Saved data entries

···

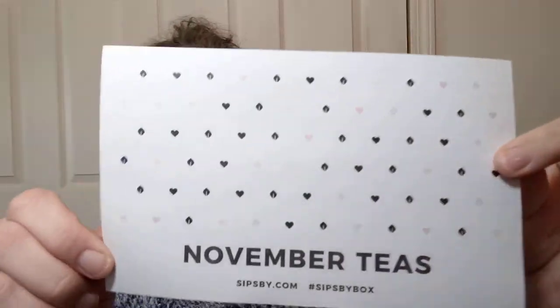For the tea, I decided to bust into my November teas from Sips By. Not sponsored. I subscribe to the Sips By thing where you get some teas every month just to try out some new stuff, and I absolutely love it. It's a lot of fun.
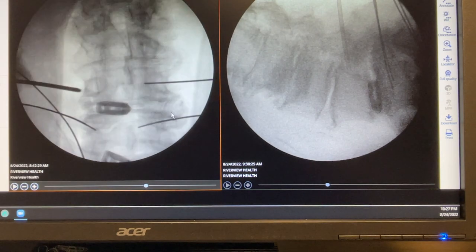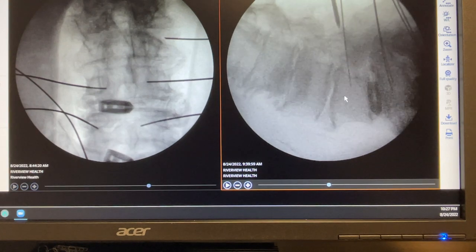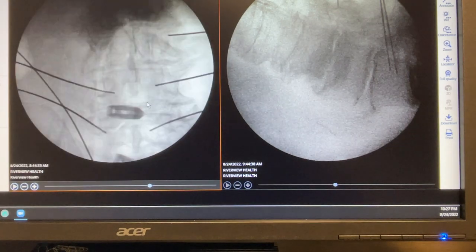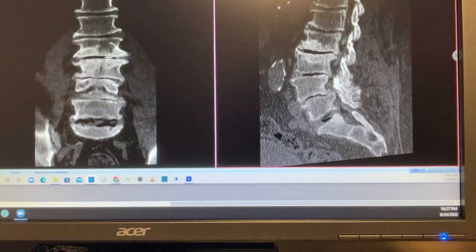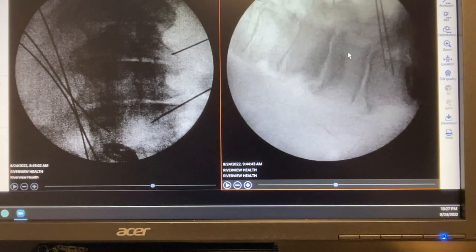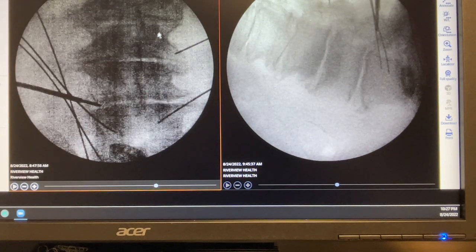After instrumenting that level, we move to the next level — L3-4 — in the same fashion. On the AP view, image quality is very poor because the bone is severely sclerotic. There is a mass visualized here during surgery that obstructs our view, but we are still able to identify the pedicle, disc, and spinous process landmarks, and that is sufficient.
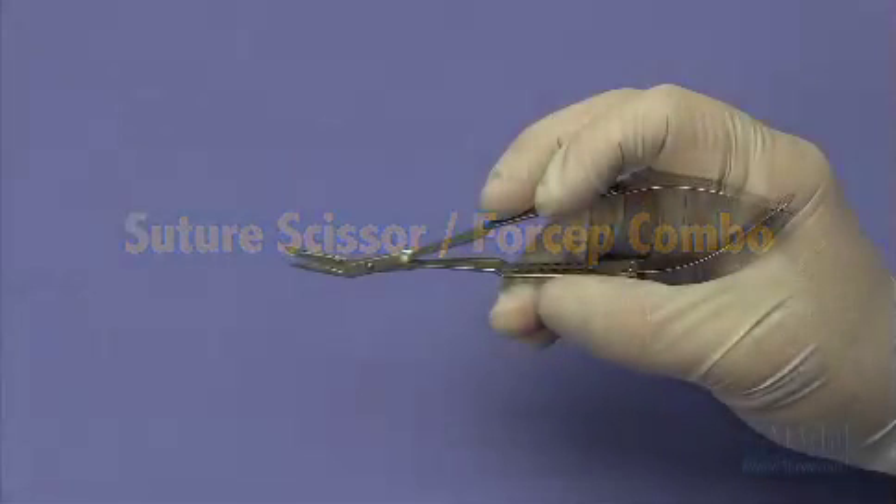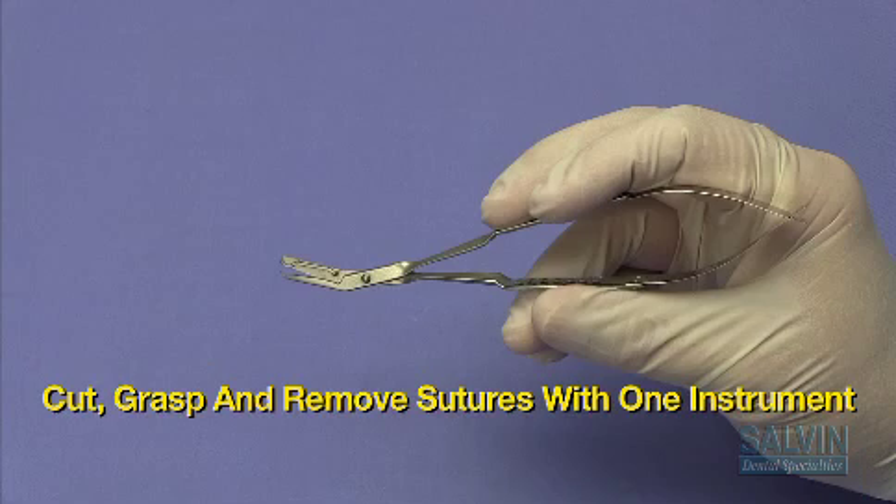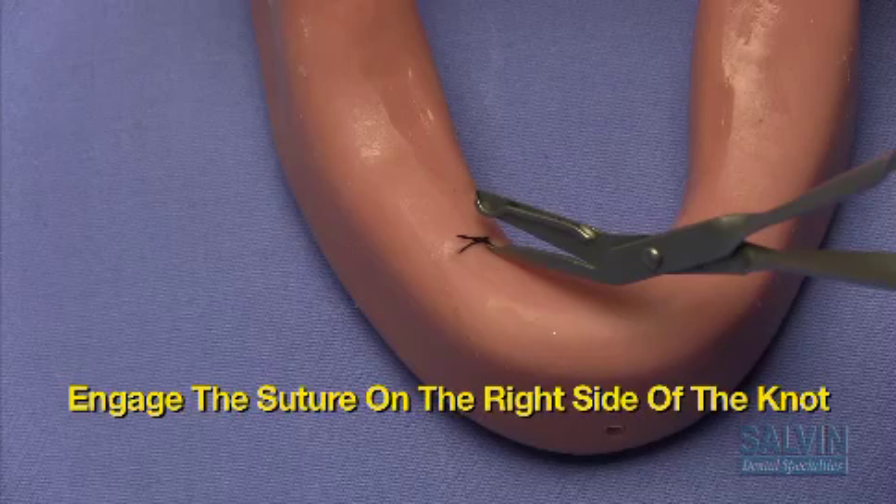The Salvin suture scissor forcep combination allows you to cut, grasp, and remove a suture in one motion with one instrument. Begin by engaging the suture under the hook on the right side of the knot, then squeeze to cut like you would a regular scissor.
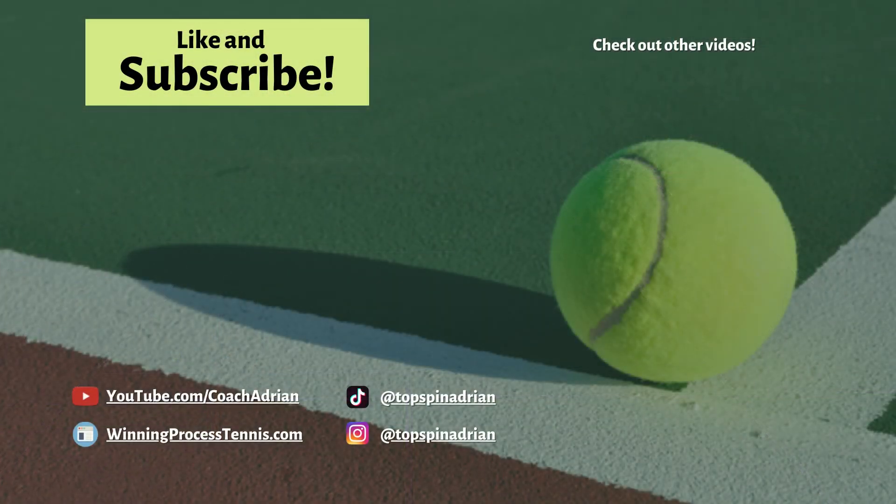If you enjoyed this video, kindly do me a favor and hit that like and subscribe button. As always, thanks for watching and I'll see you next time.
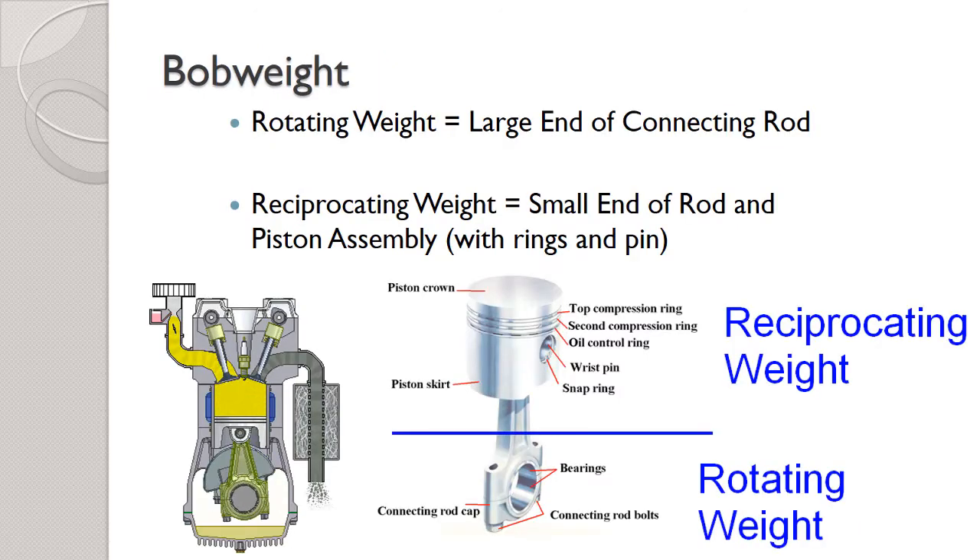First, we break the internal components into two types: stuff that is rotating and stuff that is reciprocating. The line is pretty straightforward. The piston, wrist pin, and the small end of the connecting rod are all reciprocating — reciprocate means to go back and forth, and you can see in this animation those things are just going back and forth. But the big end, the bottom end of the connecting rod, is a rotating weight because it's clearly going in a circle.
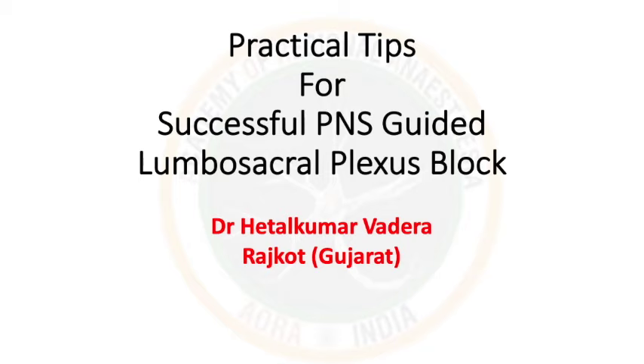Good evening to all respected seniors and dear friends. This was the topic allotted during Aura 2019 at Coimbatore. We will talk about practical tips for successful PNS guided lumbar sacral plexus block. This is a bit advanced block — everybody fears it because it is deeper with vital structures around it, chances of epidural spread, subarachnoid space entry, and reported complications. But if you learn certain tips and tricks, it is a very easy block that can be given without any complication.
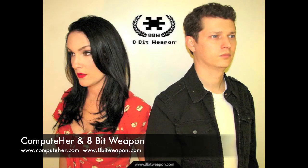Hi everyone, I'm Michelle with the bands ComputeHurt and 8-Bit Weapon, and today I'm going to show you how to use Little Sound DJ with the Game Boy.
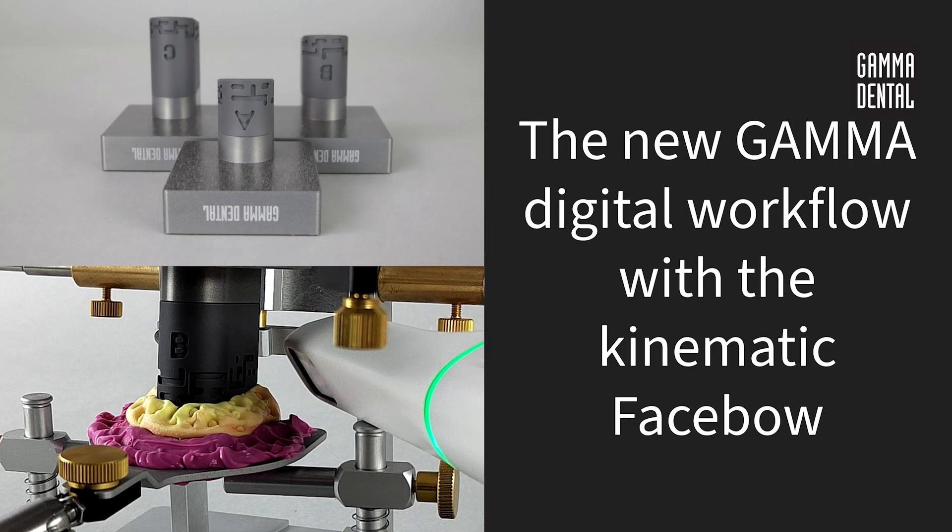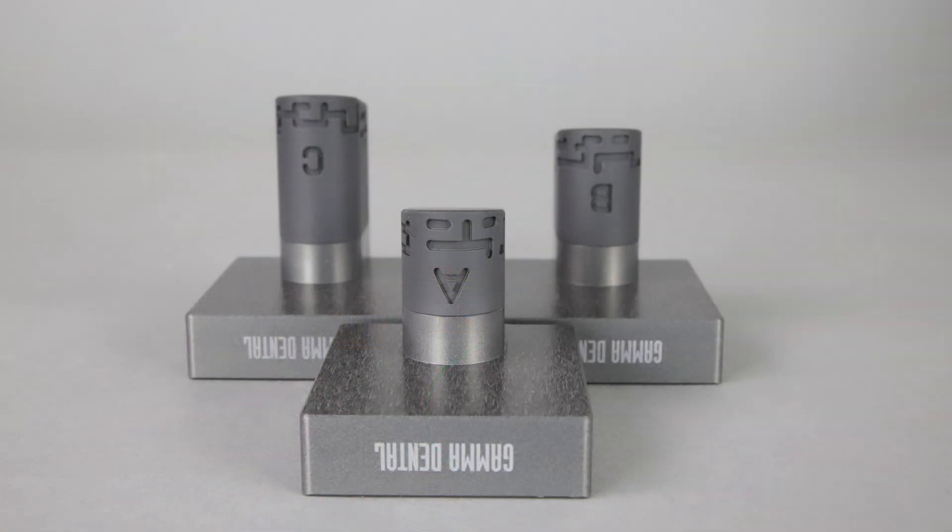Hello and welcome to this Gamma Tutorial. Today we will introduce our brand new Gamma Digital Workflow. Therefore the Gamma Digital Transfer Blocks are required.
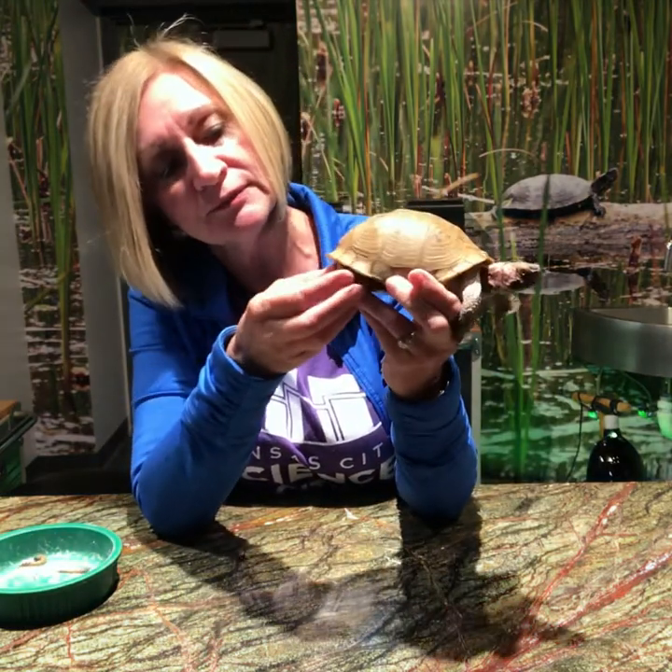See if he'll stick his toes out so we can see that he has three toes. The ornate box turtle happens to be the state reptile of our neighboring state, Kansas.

···

What you need to do: Using the entries above, repeat exactly the lines from the one with "After instrumenting that" to the one with "First, we break", both included, and leave the pictures behind.

Exercise output:
After instrumenting that level, we move to the next level — L3-4 — in the same fashion. On the AP view, image quality is very poor because the bone is severely sclerotic. There is a mass visualized here during surgery that obstructs our view, but we are still able to identify the pedicle, disc, and spinous process landmarks, and that is sufficient.
The Salvin suture scissor forcep combination allows you to cut, grasp, and remove a suture in one motion with one instrument. Begin by engaging the suture under the hook on the right side of the knot, then squeeze to cut like you would a regular scissor.
If you enjoyed this video, kindly do me a favor and hit that like and subscribe button. As always, thanks for watching and I'll see you next time.
First, we break the internal components into two types: stuff that is rotating and stuff that is reciprocating. The line is pretty straightforward. The piston, wrist pin, and the small end of the connecting rod are all reciprocating — reciprocate means to go back and forth, and you can see in this animation those things are just going back and forth. But the big end, the bottom end of the connecting rod, is a rotating weight because it's clearly going in a circle.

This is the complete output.